Register usage problem

In my kernel I call the following code:

device inline void foo(unsigned char* dst, const unsigned short* src, unsigned short scale)
for (unsinged char i = 0; i < COUNT; i++)
dst[i] = (unsigned char)((src[i] * scale) >> 8);

If COUNT==1 my whole kernel uses 12 registers. But if I set COUNT==32 (which is the value I need) my register usage goes up to 50.

With #pragma unroll 1, the register usage only goes down to 47. Why so many registers, and how can I reduce the pressure? Currently my kernel is limited by register usage.

I am using CUDA 2.0.


Just a thought…but what happens if you declare the char outside of the for loop? Something like

[codebox]device inline void foo(unsigned char* dst, const unsigned short* src, unsigned short scale)


unsigned char i;

for ( i = 0; i < COUNT; i++)

dst[i] = (unsigned char)((src[i] * scale) >> 8);


Thanks for the suggestion. Unfortunately this doesn’t change anything.

I really need a solution to this problem. Does anyone else have an idea?


you can try to experiment with the --maxrregcount=xx compiler switch. This forces the compiler to limit the register usage to your desired value. Drawback of this is obviously that global memory might be used if there are no more registers.

I was once able to fool the compiler to not unroll a simple loop. If I remember right I did something like just reverse the order, which was enough to fool the compiler.

for (i=MAXCOUNT; --i; ) {do stuff}

I remember I had to play with it to make sure it wasn’t detected as a loop, and CUDA 1.1 acted different than 2.0.

If that loop still gets unrolled, you could try fancier stuff like making the compare some bitwise xor or something

for (i=0; (! (i ^ MAXCOUNT)); i++) {}

Note also that any hack like this will be fragile as you compile with different versions of the SDK and such, but it may lead you to some
“good enough for now” solution.

What happens if you manually unroll the loop?

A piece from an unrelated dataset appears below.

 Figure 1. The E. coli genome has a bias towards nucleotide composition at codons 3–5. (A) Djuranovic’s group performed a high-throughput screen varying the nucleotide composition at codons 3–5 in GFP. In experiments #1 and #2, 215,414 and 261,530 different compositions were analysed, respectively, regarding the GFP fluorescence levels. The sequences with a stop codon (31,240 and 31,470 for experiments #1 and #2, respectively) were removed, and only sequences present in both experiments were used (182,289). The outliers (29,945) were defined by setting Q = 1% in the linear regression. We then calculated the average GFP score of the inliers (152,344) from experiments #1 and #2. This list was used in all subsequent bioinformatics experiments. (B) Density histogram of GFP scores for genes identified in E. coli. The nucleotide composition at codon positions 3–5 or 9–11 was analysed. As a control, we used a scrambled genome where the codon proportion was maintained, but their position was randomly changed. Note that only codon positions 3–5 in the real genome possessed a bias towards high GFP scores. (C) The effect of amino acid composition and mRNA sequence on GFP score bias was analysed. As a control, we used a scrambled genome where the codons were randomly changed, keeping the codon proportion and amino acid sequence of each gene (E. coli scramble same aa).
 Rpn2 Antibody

If you choose to, you might find Boost::preprocessor interesting (see )

What happens when I is an int, not a char? I don’t think you’re saving much memory by having a char there as it’s aligned to 4B anyway.

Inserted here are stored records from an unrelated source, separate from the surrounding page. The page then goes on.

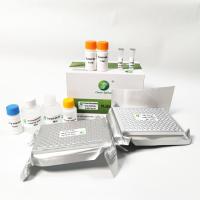 Buy cheap PRV Porcine Pseudorabies GB Swine Flu Test Kit Antibody ELISA Diagnostic 192 product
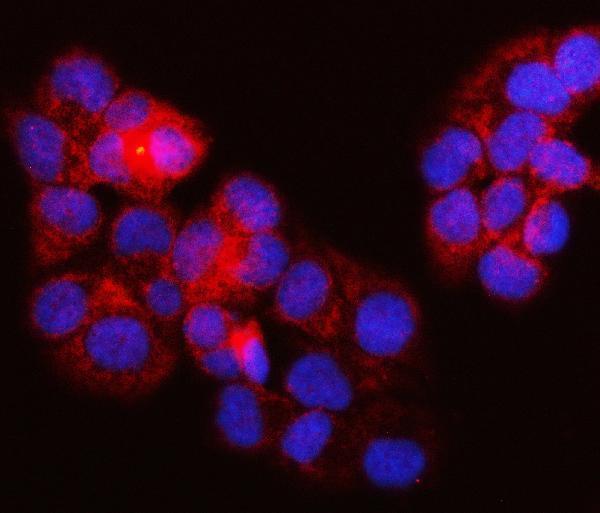  IF analysis of SURF1 using anti-SURF1 antibody (A03678-2)
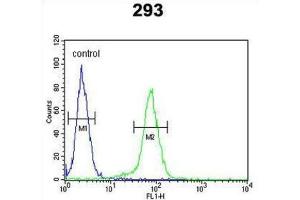 Flow Cytometry (FACS) image for anti-Claudin 8 (CLDN8) antibody (ABIN3004091)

Talking about that - is there an advantage of using one int as 2 shorts or 4 chars ? Or does this cause further use of many temporary registers for computation ? like


int xy=0;

while ( (xy>>8) < 100 ){ // y

while ( (xy&255) < 100 ){ // x

image[xy&255][xy>>8] = xy;






To unroll a loop or not can be set by a compiler option as follows (programming guide)

#pragma unroll

For example, in this code sample:

#pragma unroll 5

for (int i = 0; i < n; ++i)

the loop will be unrolled 5 times. It is up to the programmer to make sure that

unrolling will not affect the correctness of the program (which it might, in the abo

example, if n is smaller than 5).

#pragma unroll 1 will prevent the compiler from ever unrolling a loop.